▶ Exercise requirements: Beginning with the line containing "Erkek Casual Slim", write out each line exactly through the end of the listing, and skip all pictures.

▶ Stored data:

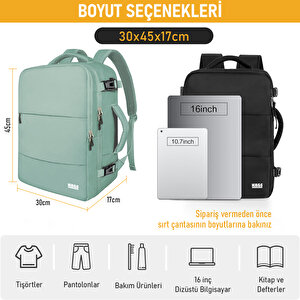 Haegs Laptop Sırt Çantası, Seyahat Çantası Hafif El Çantası Küçük Bavul Valiz, Uçak Onaylı Bagaj Çantası, Erkek Ve Bayan İçin, 15.6 Inç Notebook Dizüstü Bilgisayar Macbook Laptop Çantası, Yeşil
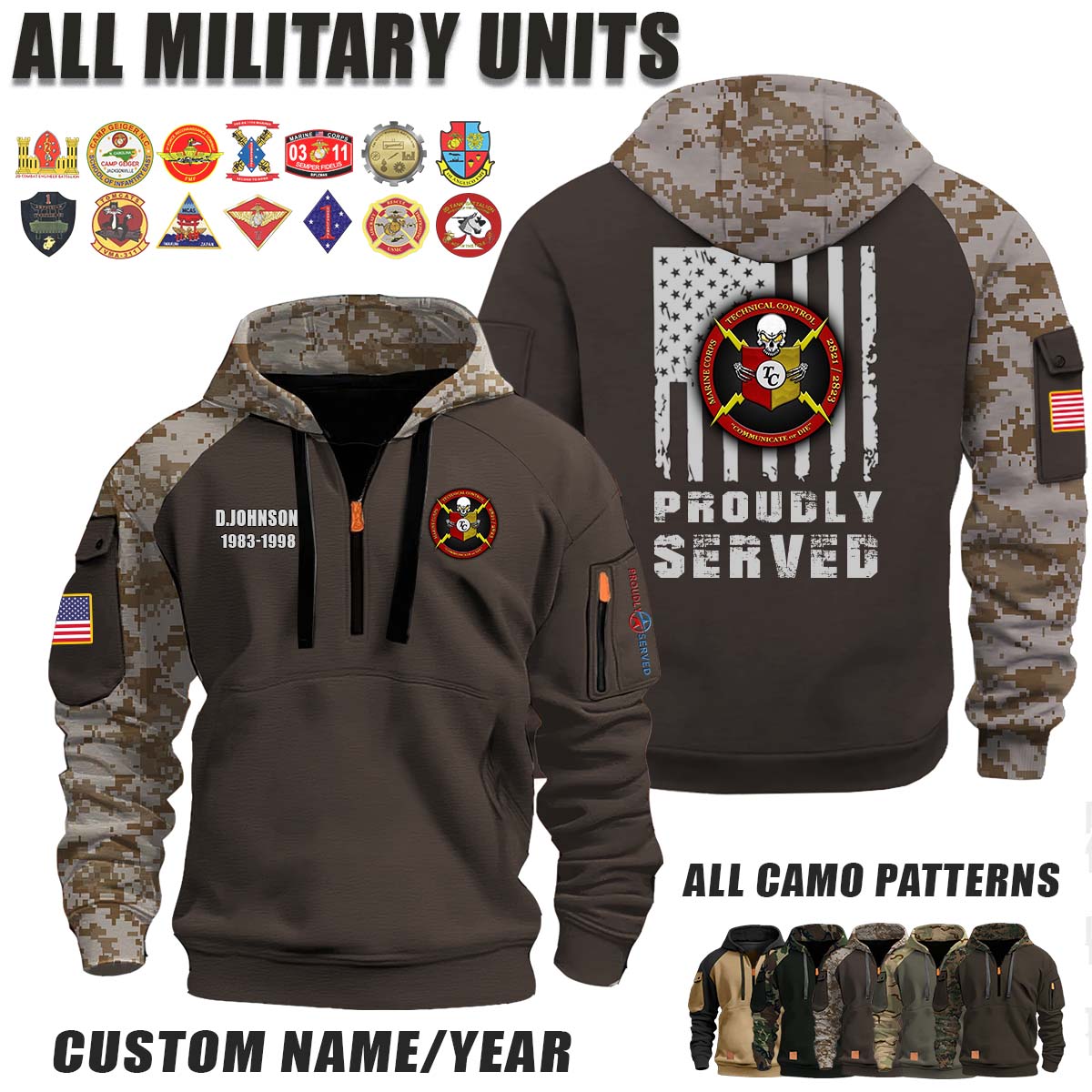 USMC Technical Control_Camo Halfzip Hoodie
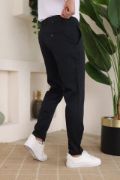 Erkek Casual Slim Fit Cord Desenli Kumaş Pantolon resmi
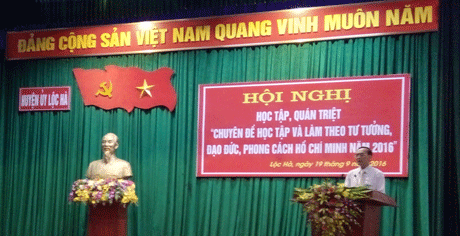 Lộc Hà Hà Tĩnh  Triển khai chuyên đề Học tập và làm theo tư tưởng, đạo đức phong cách Hồ Chí Minh” năm 2016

▶ Answer area:
 Erkek Casual Slim Fit Cord Desenli Kumaş Pantolon resmi
 Lộc Hà Hà Tĩnh  Triển khai chuyên đề Học tập và làm theo tư tưởng, đạo đức phong cách Hồ Chí Minh” năm 2016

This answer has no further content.